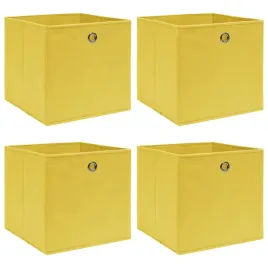zolte-skladane-pudla-do-przechowywania-32x32x32-cm-4-szt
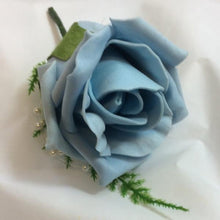 foam rose buttonhole with pearl loops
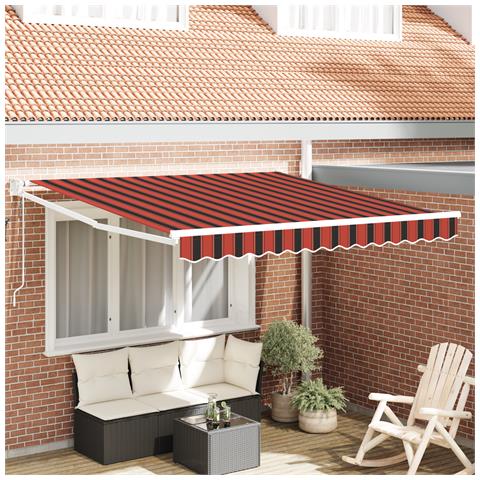 Tenda Retrattile Automatica Arancione e Marrone 300x250 cm - Foto 2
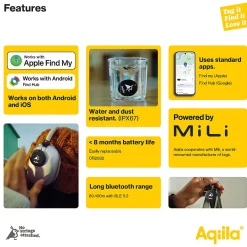 Aqiila tagbird sporingsbrikke nøkkelring 1-pack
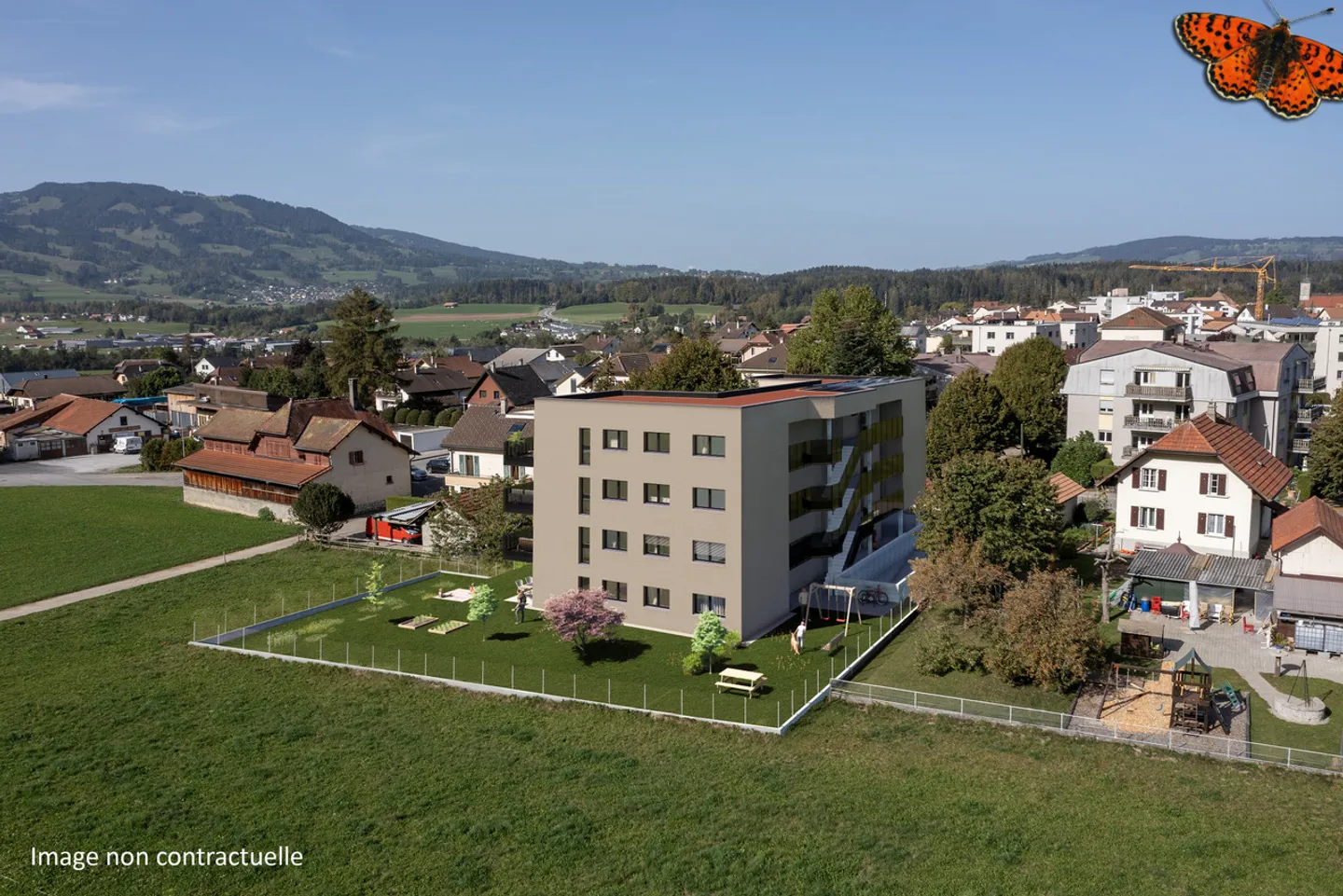 Superbo appartamento 4½ a Broc con grande balcone coperto! - Foto 6 di 7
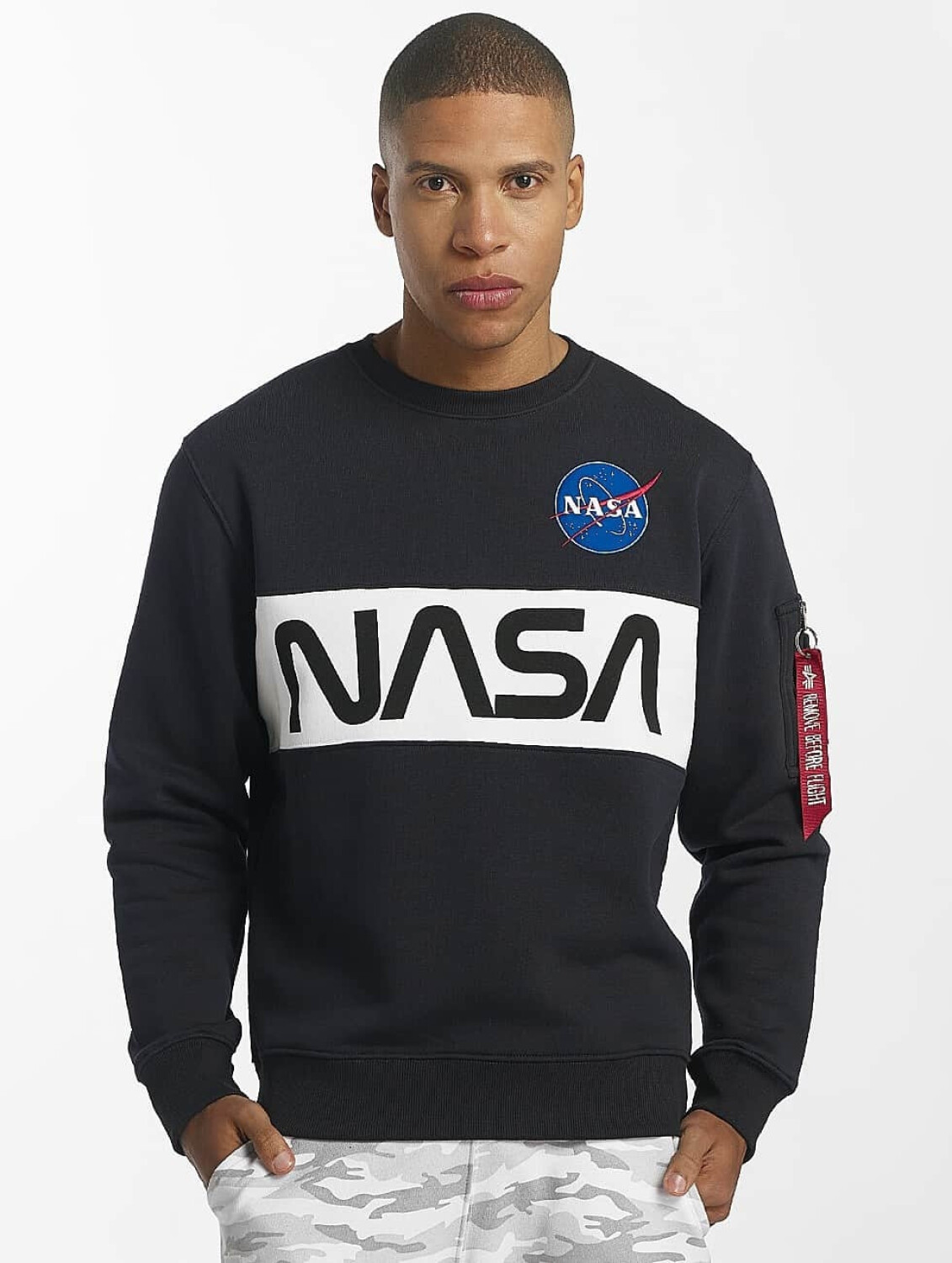 Alpha Industries Nasa Inlay Sweatshirt navy (178308-07)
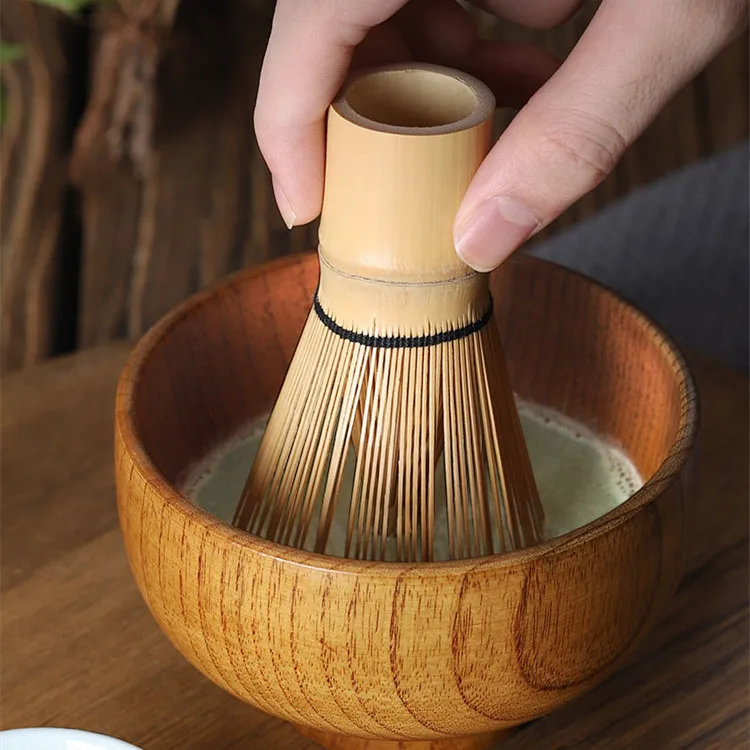 Black Bamboo Matcha Whisk, Kurotake Chasen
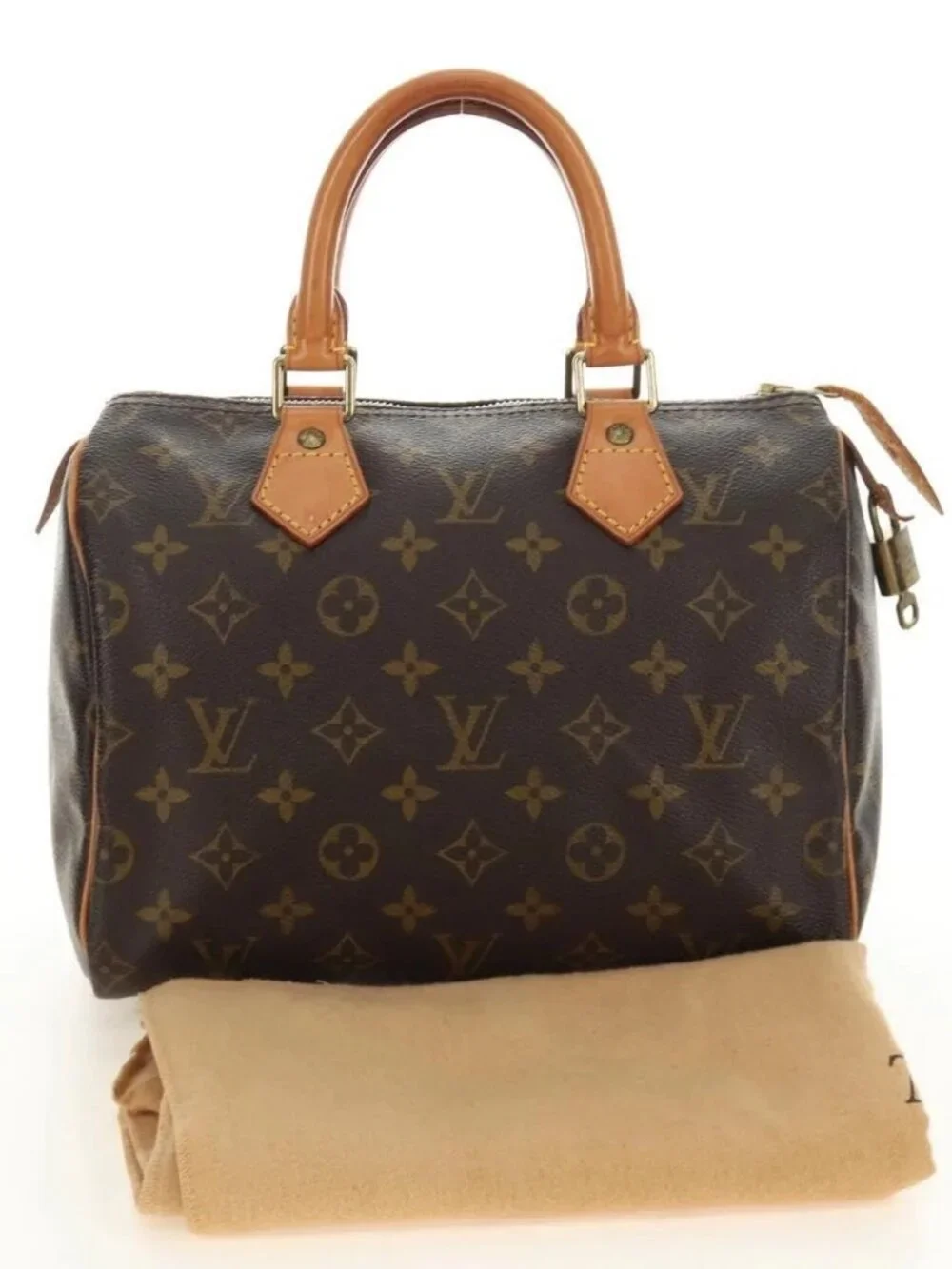 LOUIS VUITTON Monogram Speedy 25 Hand Bag M41528 LV Auth 187177SAV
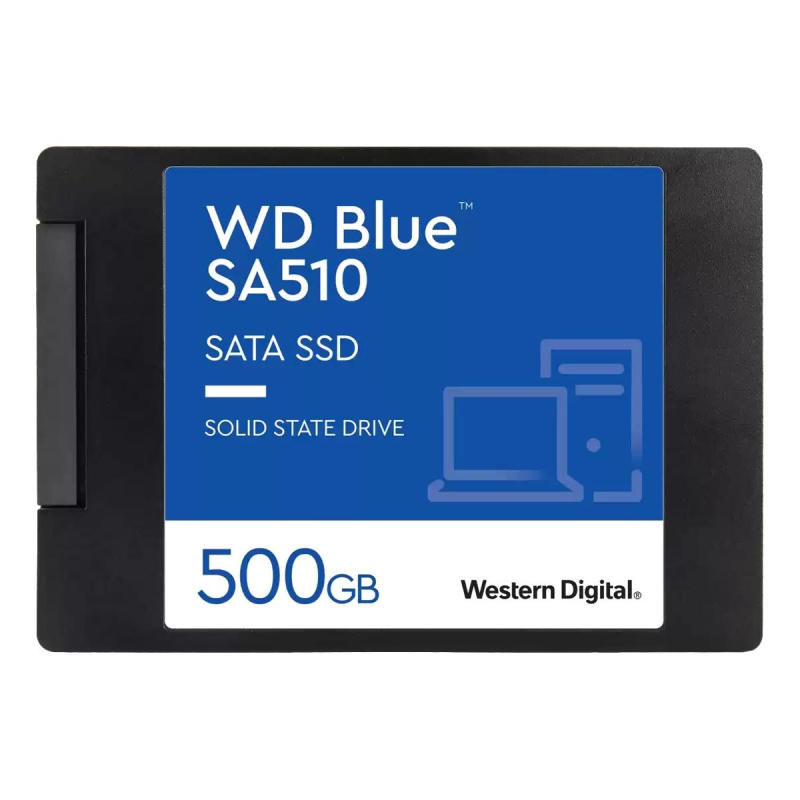 SSD накопитель WD BLUE SA510 2,5 500Gb (WDS500G3B0A) - фото 1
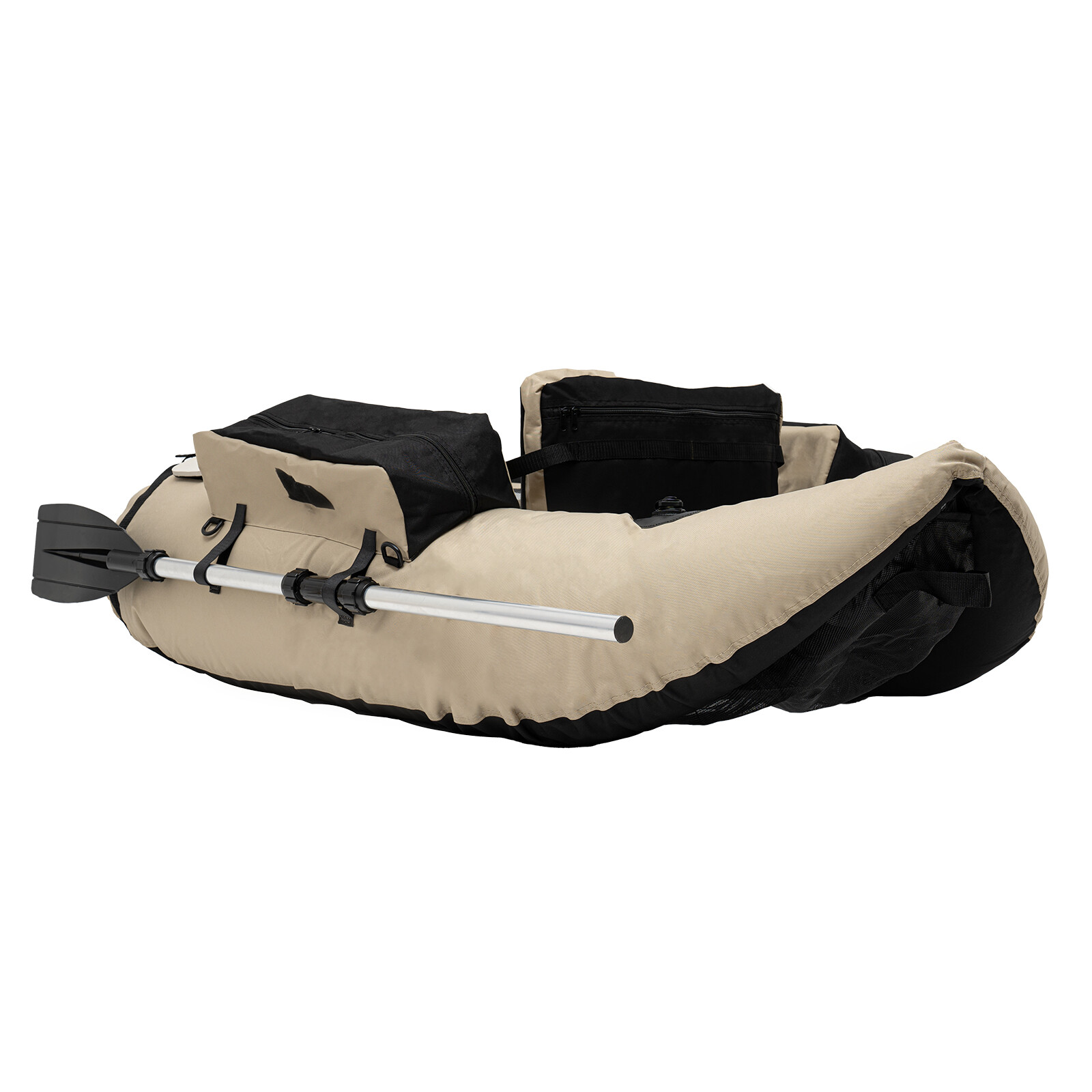 Portable Inflatable Boat Fishing Dinghy Boat Sport Backrest Adjustable 130kg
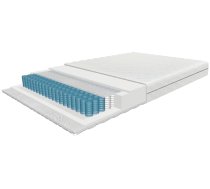DĀVANĀ MEMORY SPILVENS! 90x200 cm "ROLL RELAX CLASSIC" Sarullēts matracis ar 7-zonu "multipocket" atsperēm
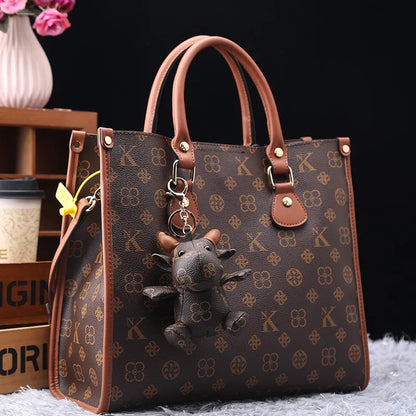 Light luxury brand women's bag 2025 new fashionable and versatile single shoulder crossbody high-end handbag with large capacity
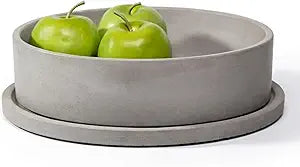 Simon Brothers Modern Concrete Decorative Bowl - Large Fruit Bowl for Kitchen Counter - Catchall Bowl for Entryway Table - Bowls for Home Decor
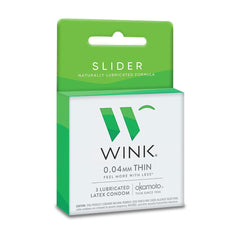 Okamoto Wink Slider Natural Condoms 0.04mm Thin - 3 Lubricated Latex Condoms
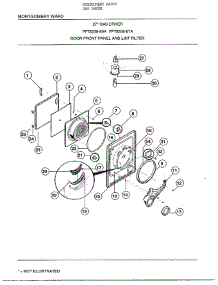 27` Door Front Panel / Lint Filter parts for Frigidaire Dryer 8338A from AppliancePartsPros.com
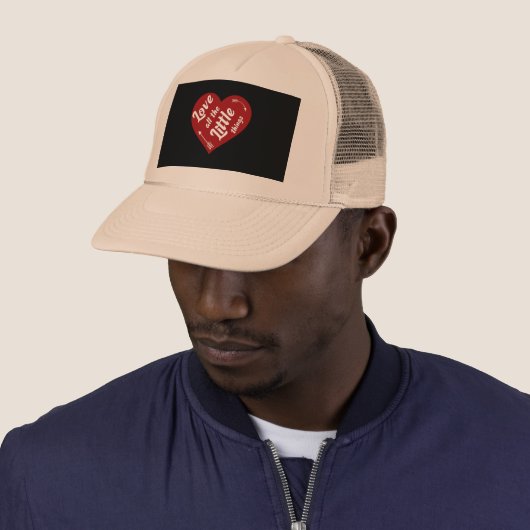 Casquette J'aime toutes les petites choses design (En situation)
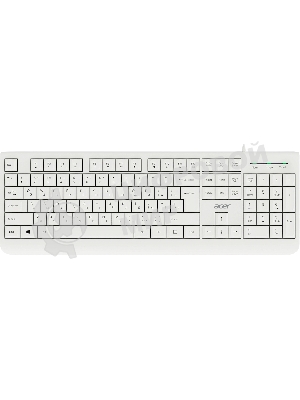 Комплект клавиатура+мышь Acer OCC400 проводной, USB, 2000 DPI, белый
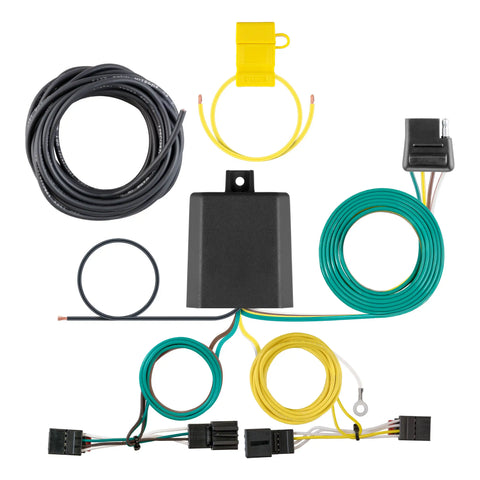CURT 56422 - Custom Wiring Harness 4-Way Flat Output Select Volkswagen Tiguan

== == ==

WORK REQUEST:
Could you copy, exactly and with no pictures, each line from the first one above to the line holding "Okamoto Wink Slider"?

OUTPUT OF THE EXERCISE:
zolte-skladane-pudla-do-przechowywania-32x32x32-cm-4-szt
 foam rose buttonhole with pearl loops
 Tenda Retrattile Automatica Arancione e Marrone 300x250 cm - Foto 2
 Aqiila tagbird sporingsbrikke nøkkelring 1-pack
 Superbo appartamento 4½ a Broc con grande balcone coperto! - Foto 6 di 7
 Alpha Industries Nasa Inlay Sweatshirt navy (178308-07)
 Black Bamboo Matcha Whisk, Kurotake Chasen
 LOUIS VUITTON Monogram Speedy 25 Hand Bag M41528 LV Auth 187177SAV
 SSD накопитель WD BLUE SA510 2,5 500Gb (WDS500G3B0A) - фото 1
 Portable Inflatable Boat Fishing Dinghy Boat Sport Backrest Adjustable 130kg
DĀVANĀ MEMORY SPILVENS! 90x200 cm "ROLL RELAX CLASSIC" Sarullēts matracis ar 7-zonu "multipocket" atsperēm
 Light luxury brand women's bag 2025 new fashionable and versatile single shoulder crossbody high-end handbag with large capacity
 Simon Brothers Modern Concrete Decorative Bowl - Large Fruit Bowl for Kitchen Counter - Catchall Bowl for Entryway Table - Bowls for Home Decor
 Okamoto Wink Slider Natural Condoms 0.04mm Thin - 3 Lubricated Latex Condoms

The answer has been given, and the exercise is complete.